A Gloucestershire Court
This extraordinary collection of interconnected buildings reveals a long
history of adaptation and addition, telling a story of the social and religious
evolution of medieval England, to the present day.
It is hard to judge which are the finest timber frame elements in this building which contains a medieval cruck barn, a 15th Century court, a later Tudor frontage and grand entrance, a jacobean panelled ceiling - the list goes on.
We were able to completely restore the original form of the coved jetty complete with its carved mouldings, which is certainly one of the longest in the country.
The brattished or crenallated tie beam shown to the right, was replicated from surviving traces under the barge board.
The door was modelled on the South door of Gloucester Cathedral, a local
building that would have been closely connected to this one. The door is
double planked and clasped with forged nails. We commissioned the strap
hinges as scaled-down versions of the cathedral originals and fitted them
with clasped nails. The doors are hung on traditional iron pintles set
into the original holes in the stone arch.
The small pentice door on the right is over six feet in height, and so one may imagine the great weight of these doors made from oak and iron.

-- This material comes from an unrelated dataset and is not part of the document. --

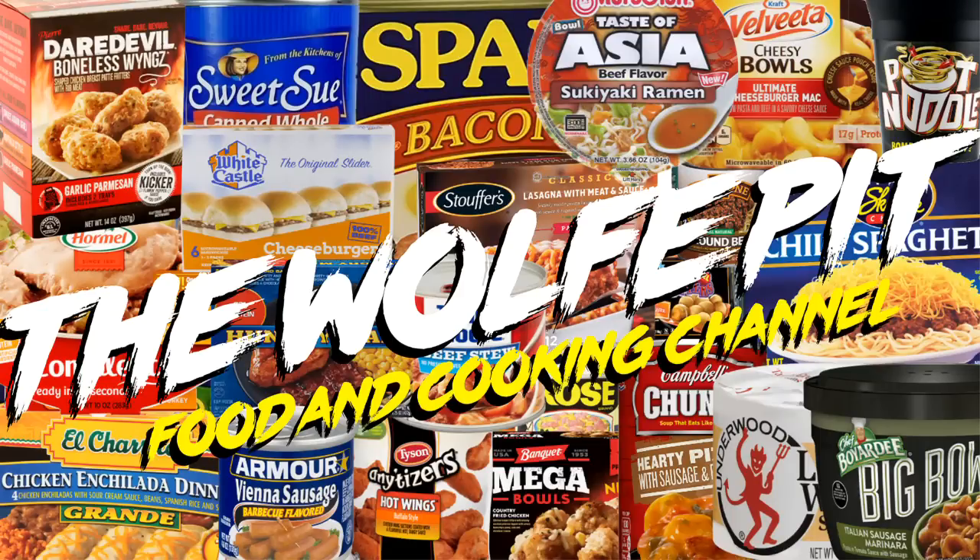Hey everybody, welcome back to the Wolf Pit. Today I'm going to show you my three favorite ways of making barbecue beef in the crock pot. Of course it's not real barbecue if you make it in the crock pot, but I can call it what I want because it's my food and my channel. I also self-identify as a crock pot barbecue pit master. We're just playing make-believe, just sit back and enjoy the show.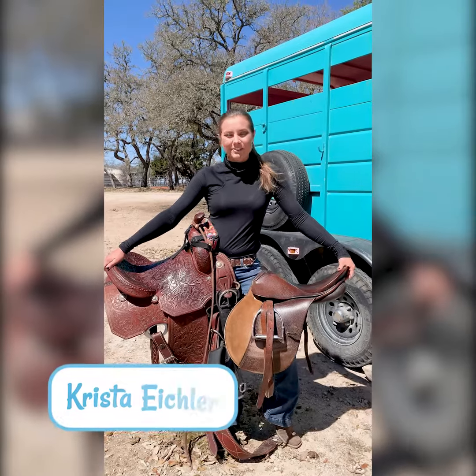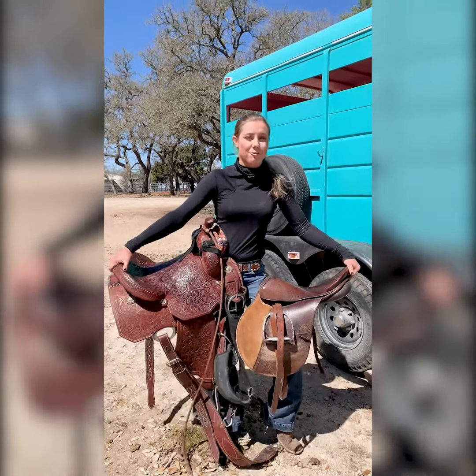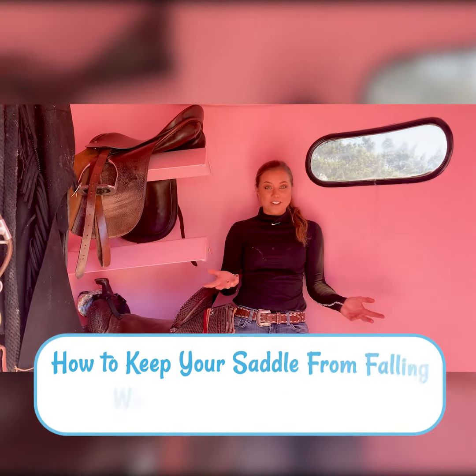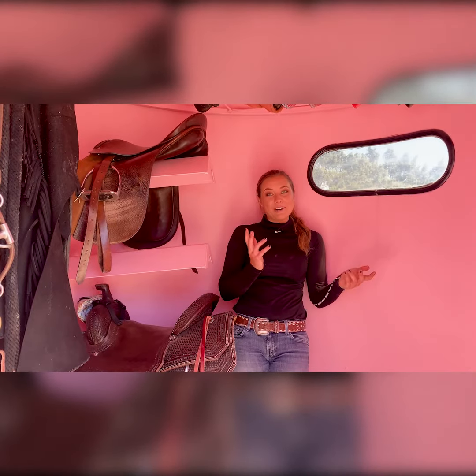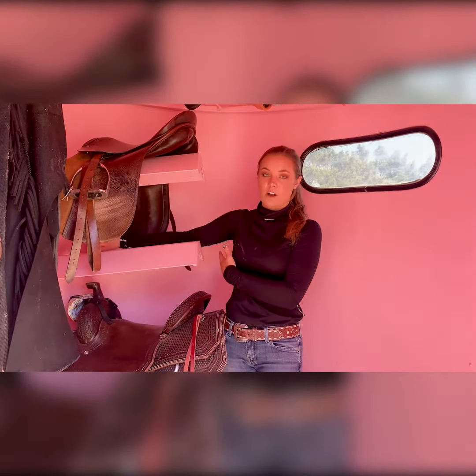Hey y'all, it's Krista with Saddlebox, and for today's video I'm going to give you a tip for helping your saddle not fall off while you're driving your trailer. So if you're ever hauling to your location and you arrive and find all your saddles on the floor, it might be because you're a crazy driver, but also because you may have put your saddle on the saddle rack facing the wrong direction.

King Stanley Oriel Feature
This building had the entire lower frontage
ripped out early in the 20th Century and plate glass windows were introduced
to create what must have been a modern shopfront.
Now back in domestic use, we scrutinised the building and made our best guess as to its intended form. The jettied dormer with its windows on three floors appeared to have been an early addition to the original frame, but enough evidence remained in the timbers for us to suggest this configuration.